After Vogue World: Hollywood’s Cleopatra Cameo, a Look at Elizabeth Taylor’s Many Onscreen Bulgari Moments

When the lights went down on Vogue World: Hollywood, the Paramount lot flickered like old film stock. Models moved through a dream sequence of cinema history, and among them—draped in emerald-eyed serpents—strode a modern incarnation of Elizabeth Taylor’s Cleopatra. She wore Bulgari’s Serpenti Dragoni jewels: a choker, necklace, bracelet, ring, and earrings in yellow and white gold, coiling with more than 18 carats of marquise and pavé-set diamonds and flashes of green emeralds. It was a vision of the screen goddess reborn, an homage to the woman who first made Bulgari’s serpents slither into popular imagination more than half a century ago. And it was only the beginning—Taylor’s long, glittering history with the Roman jeweler would play out across the silver screen for decades. Here, we look back at the films that made her Bulgari’s most dazzling muse.
Cleopatra
The story began in 1962, when Taylor arrived in Rome to film Cleopatra—the most expensive movie ever attempted and the one that would change both her life and Bulgari’s forever. Between scenes at Cinecittà Studios, she slipped into the maison’s Via Condotti boutique. “Undeniably one of the biggest advantages to filming Cleopatra in Rome was Bulgari’s shop,” she later wrote.
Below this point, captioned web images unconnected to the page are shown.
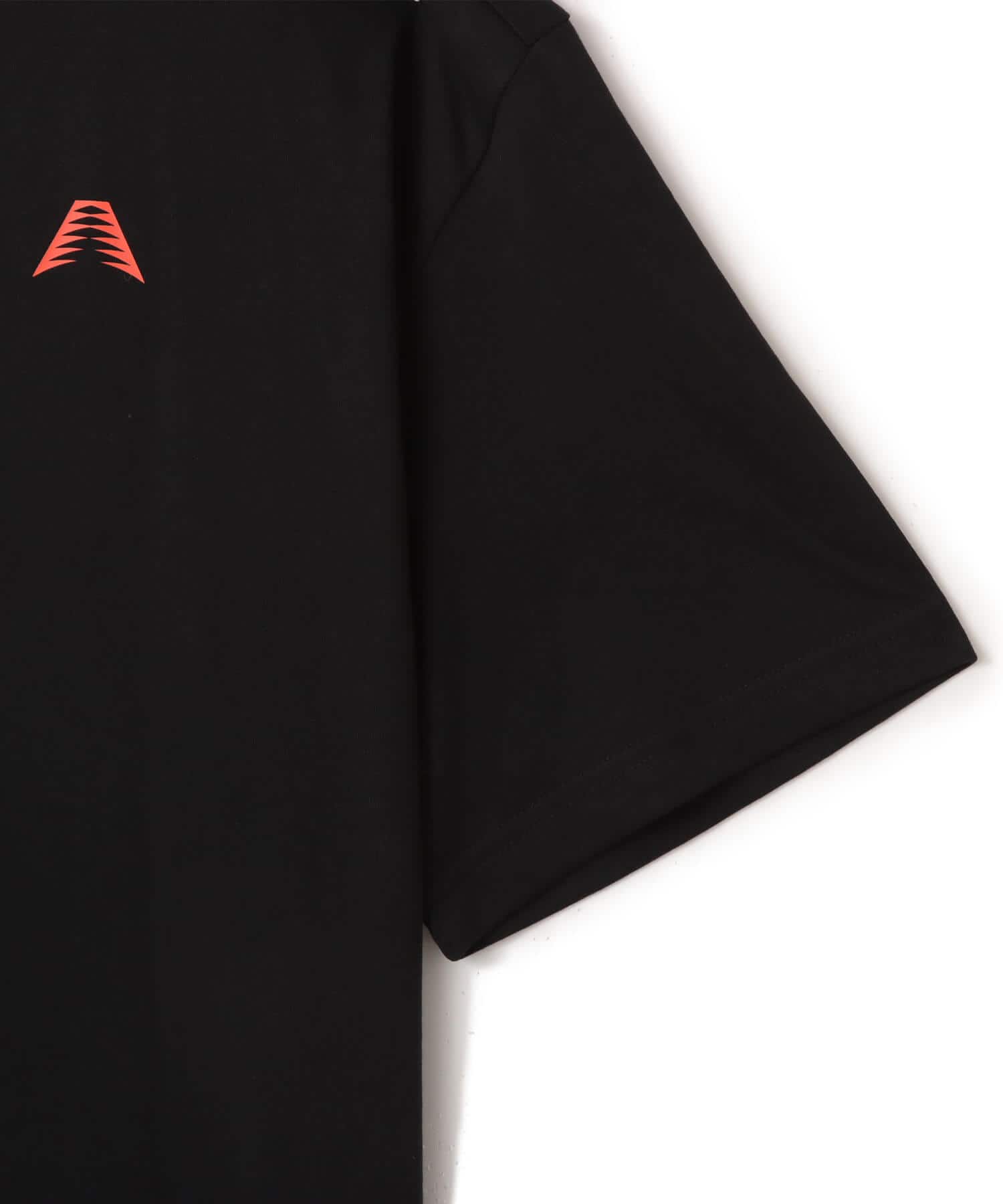adidas ANTHONY EDWARDS GFX TEE ブラック/ソーラーレッドの画像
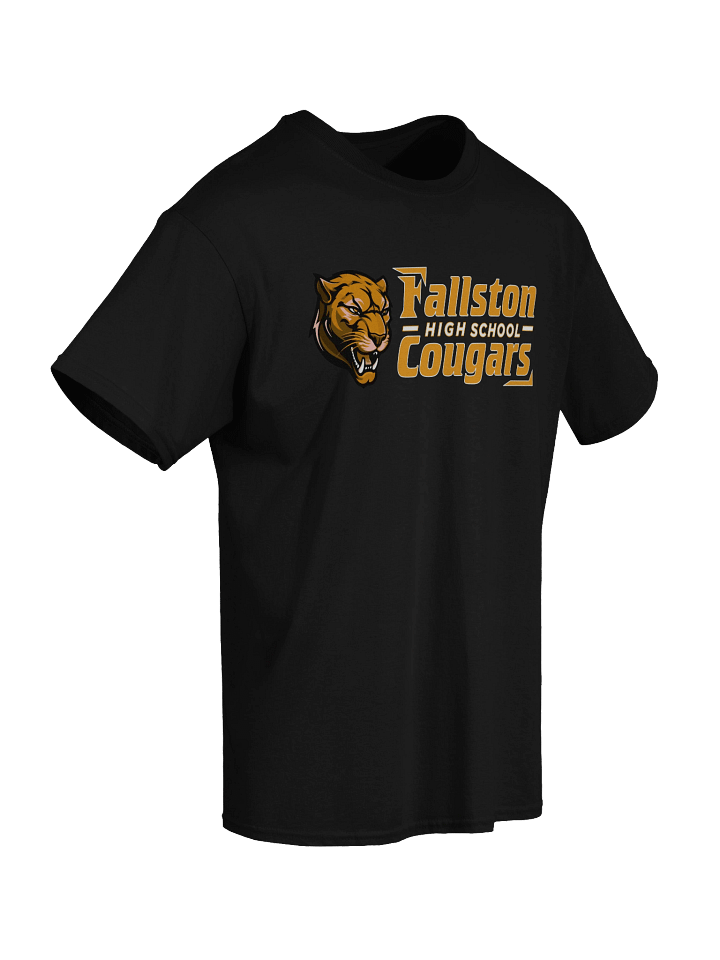Fallston HS - Cougar Short Sleeve T-Shirt product image (2)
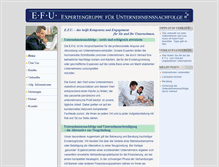 Tablet Screenshot of efu-online.de
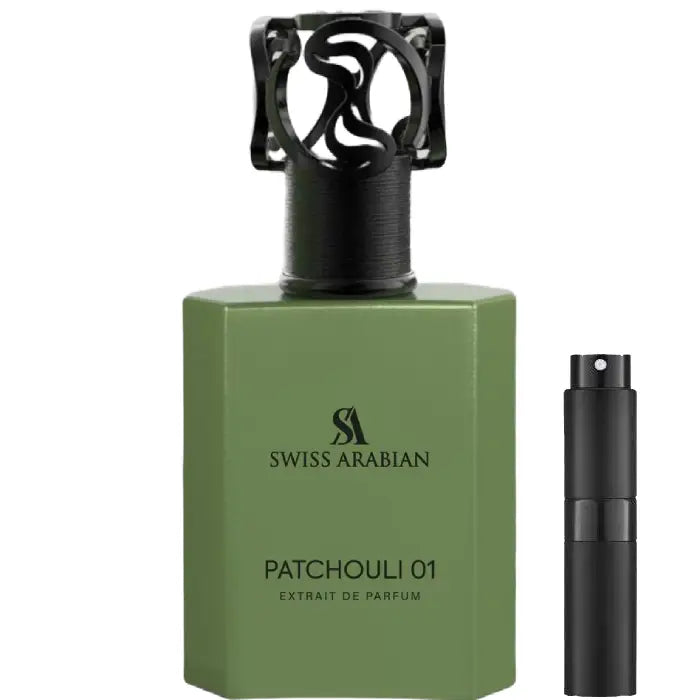 Swiss Arabian Patchouli 01 - Extrait de Parfum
There, her then husband Eddie Fisher presented her with a lavish en tremblant brooch of emeralds and diamonds and a pair of pendant earrings—his extravagant, if futile, attempt to hold her attention. Around the same period, she acquired a Serpenti Tubogas watch, likely from Fisher, whose coiled bracelet wrapped the wrist like an asp. It was photographed off-set, gleaming against her violet eyes and Cleopatra eyeliner.
Now cue here Cleopatra costar Richard Burton. Their affair began in Rome and would become one of the century’s great tabloid epics. When he sought to declare his adoration to Taylor, Burton turned—as Fisher had—to Bulgari. Gianni Bulgari himself reportedly arrived at the studio with a tray of emeralds. Taylor chose an emerald brooch surrounded by diamonds, which later became the detachable pendant of an emerald-and-diamond necklace Burton commissioned as a wedding gift. The jewels, bold and architectural, mirrored Taylor’s new Roman life—larger, freer, and unashamedly opulent.
20th Century Fox even commissioned a Bulgari mirror for the film—a golden hand mirror studded with turquoise and shaped like an eagle—now part of the brand’s Heritage Collection. Though none of Taylor’s actual Bulgari pieces appeared onscreen—the production relied on costume jewels—Cleopatra became the offscreen origin myth of Bulgari’s modern legend. “The only word Elizabeth knows in Italian is Bulgari,” Burton once famously quipped. Her love affair with jewelry was just beginning.
The V.I.P.s
Only months after Cleopatra wrapped, Taylor reunited with Burton for The V.I.P.s (1963), a lavish Heathrow Airport–based farce that mirrored the couple’s jet-set life. Here she wore her own emerald-and-diamond brooch—the very piece Eddie Fisher had given her in 1962. Pinned into her dark hair, the jewel shimmered beneath the airport floodlights, vibrating with motion thanks to its tremblant setting.